I hadn’t done anything to deserve these things. I had them largely because as a white, upper class woman there are multiple societal structures built to give me the right to make certain choices — and to rob others of the same opportunity.

I was able to choose to delay parenthood until my 30s because I had the right to access comprehensive sex education and contraception. I chose an OB/GYN that provided premium care because I had access to the right to health care.

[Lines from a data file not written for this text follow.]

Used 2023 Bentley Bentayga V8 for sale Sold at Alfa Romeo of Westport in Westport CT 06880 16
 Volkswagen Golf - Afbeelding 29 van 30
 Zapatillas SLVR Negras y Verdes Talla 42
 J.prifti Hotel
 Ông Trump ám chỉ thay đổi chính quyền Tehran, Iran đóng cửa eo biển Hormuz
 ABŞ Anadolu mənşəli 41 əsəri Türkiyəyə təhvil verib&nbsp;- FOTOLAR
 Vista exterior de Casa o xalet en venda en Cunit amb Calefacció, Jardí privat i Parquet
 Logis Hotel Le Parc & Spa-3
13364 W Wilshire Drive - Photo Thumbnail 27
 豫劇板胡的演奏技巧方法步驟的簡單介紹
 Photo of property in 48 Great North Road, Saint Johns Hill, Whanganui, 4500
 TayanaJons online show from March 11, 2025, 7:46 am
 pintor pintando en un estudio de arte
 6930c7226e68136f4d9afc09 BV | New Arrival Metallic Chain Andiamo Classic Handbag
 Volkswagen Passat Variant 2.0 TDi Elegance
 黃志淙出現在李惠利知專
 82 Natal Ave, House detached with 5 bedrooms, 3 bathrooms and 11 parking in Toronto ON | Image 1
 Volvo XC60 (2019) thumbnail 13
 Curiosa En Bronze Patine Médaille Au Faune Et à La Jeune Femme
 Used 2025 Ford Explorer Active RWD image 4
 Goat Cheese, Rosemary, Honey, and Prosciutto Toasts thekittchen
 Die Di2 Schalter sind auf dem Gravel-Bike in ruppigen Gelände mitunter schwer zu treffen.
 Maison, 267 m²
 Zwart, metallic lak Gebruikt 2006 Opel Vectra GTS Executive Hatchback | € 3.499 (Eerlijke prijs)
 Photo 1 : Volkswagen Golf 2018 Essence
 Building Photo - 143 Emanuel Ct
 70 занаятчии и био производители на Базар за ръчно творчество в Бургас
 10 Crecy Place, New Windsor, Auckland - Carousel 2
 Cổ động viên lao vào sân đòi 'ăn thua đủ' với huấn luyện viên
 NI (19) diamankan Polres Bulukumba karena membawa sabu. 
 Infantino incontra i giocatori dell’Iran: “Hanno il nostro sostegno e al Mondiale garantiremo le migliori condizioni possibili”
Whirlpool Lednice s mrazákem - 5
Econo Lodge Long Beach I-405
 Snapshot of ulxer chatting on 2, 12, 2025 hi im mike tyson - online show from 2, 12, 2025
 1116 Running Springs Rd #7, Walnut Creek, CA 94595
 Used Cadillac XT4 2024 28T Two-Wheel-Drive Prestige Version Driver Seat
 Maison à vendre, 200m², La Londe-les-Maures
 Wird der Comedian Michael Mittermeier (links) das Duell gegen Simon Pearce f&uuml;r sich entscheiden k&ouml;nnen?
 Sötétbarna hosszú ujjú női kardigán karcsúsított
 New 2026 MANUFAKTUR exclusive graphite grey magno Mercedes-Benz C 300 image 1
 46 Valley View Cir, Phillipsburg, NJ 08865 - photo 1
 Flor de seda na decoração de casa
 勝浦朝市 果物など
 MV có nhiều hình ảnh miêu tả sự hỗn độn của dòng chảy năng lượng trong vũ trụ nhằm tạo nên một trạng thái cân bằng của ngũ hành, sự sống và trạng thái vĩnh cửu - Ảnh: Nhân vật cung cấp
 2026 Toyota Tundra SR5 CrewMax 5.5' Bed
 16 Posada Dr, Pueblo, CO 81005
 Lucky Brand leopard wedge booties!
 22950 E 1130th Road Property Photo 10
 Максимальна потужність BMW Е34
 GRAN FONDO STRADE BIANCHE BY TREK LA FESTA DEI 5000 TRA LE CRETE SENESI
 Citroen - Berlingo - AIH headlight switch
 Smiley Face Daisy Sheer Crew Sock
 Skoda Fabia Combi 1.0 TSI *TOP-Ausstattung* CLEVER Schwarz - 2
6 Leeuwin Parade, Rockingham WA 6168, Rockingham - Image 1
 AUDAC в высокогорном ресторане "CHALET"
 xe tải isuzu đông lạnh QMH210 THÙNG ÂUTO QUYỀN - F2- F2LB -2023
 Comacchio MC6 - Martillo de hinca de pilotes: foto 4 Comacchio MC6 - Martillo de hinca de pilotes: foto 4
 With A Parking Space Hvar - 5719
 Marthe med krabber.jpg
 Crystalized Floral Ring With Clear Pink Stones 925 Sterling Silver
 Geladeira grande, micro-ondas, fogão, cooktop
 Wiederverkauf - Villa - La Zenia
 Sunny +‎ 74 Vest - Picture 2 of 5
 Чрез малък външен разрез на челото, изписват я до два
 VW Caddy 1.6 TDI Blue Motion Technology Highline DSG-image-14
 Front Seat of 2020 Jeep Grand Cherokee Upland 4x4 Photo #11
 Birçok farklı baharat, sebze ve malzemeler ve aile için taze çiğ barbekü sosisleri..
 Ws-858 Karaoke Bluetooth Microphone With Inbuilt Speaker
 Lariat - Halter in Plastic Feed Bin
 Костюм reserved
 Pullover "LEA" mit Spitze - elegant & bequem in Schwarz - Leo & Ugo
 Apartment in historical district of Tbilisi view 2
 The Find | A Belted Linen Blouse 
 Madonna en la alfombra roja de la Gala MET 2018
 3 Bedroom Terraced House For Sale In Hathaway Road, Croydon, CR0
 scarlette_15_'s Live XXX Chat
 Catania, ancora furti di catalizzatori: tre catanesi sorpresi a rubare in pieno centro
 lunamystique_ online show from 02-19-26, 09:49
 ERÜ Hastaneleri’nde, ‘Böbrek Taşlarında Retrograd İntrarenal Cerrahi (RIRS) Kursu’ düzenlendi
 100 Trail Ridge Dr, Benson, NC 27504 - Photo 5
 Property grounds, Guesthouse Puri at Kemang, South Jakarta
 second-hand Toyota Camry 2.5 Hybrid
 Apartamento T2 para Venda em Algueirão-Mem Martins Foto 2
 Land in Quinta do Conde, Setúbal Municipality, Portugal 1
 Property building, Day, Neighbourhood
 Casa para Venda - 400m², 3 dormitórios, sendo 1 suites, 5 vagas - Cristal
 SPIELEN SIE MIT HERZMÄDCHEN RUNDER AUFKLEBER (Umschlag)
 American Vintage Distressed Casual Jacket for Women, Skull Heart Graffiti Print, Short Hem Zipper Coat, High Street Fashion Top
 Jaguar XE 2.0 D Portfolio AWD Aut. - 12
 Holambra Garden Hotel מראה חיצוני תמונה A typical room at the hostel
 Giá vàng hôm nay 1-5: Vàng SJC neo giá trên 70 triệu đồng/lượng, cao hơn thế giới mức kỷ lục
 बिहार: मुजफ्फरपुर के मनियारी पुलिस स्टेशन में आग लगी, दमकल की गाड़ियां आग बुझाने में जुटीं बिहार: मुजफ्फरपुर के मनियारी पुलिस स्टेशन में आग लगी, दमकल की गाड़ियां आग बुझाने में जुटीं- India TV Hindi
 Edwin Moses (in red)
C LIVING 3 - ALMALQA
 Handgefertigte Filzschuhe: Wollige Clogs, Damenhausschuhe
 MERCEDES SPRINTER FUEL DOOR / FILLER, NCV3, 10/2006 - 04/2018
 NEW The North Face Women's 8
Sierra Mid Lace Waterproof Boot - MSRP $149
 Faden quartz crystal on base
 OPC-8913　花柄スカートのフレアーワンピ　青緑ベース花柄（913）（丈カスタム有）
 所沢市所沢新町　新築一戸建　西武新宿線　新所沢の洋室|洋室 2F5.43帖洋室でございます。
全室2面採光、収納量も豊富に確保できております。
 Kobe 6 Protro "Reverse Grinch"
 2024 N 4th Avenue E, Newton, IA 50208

My parents and grandparents were not redlined or subjected to predatory lending, but instead had access to the right to housing that created the generational wealth I used to buy a home in the neighborhood of my choice.

“Choice” in mainstream, predominately white-led reproductive rights discourse typically refers to the individual right to make one specific choice: whether (or not) to have an abortion.

A reproductive justice lens looks at the society surrounding that individual — not just at one choice, but at the multiple of choices that people should be able to make about their bodies and lives and why some groups of people have the right to do so while others do not.

Who gets to make which choices — or gets a choice at all — is a structural issue. NCRP’s new focus on reproductive access and gendered violence in our Movement Investment Project continues our support for frontline groups combatting the structures that stand in the way of social justice.

We are proud to feature movement leaders who help connect the dots and urge us to think differently about the nexus of reproductive access, race, class and inclusion.

The power of personal stories to reflect and shift societal structures is the focus of We Testify, whose founder Renee Bracey Sherman contributed “Sharing abortion stories means investing in storytellers as leaders.”

In “Sex education funding: There has to be a better way,” Reproaction Deputy Director Shireen Rose Shakouri calls on philanthropy to support the right to comprehensive sex education in the face of a conservative movement that seeks to limit young people’s choices through shaming, stigma and misinformation.

Philanthropy must invest in Black-led organizations to improve maternal mortality,” a Q&A by NCRP staff of National Birth Equity Collaborative President Dr. Joia Crear-Perry, makes clear that systemic racism is at the root of inequity in maternal health and morbidity, and investing in Black women-led organizations and solutions are the only path forward to addressing it.

We hope you engage with the critical questions and calls to action from our authors and look forward to working collectively to support reproductive justice!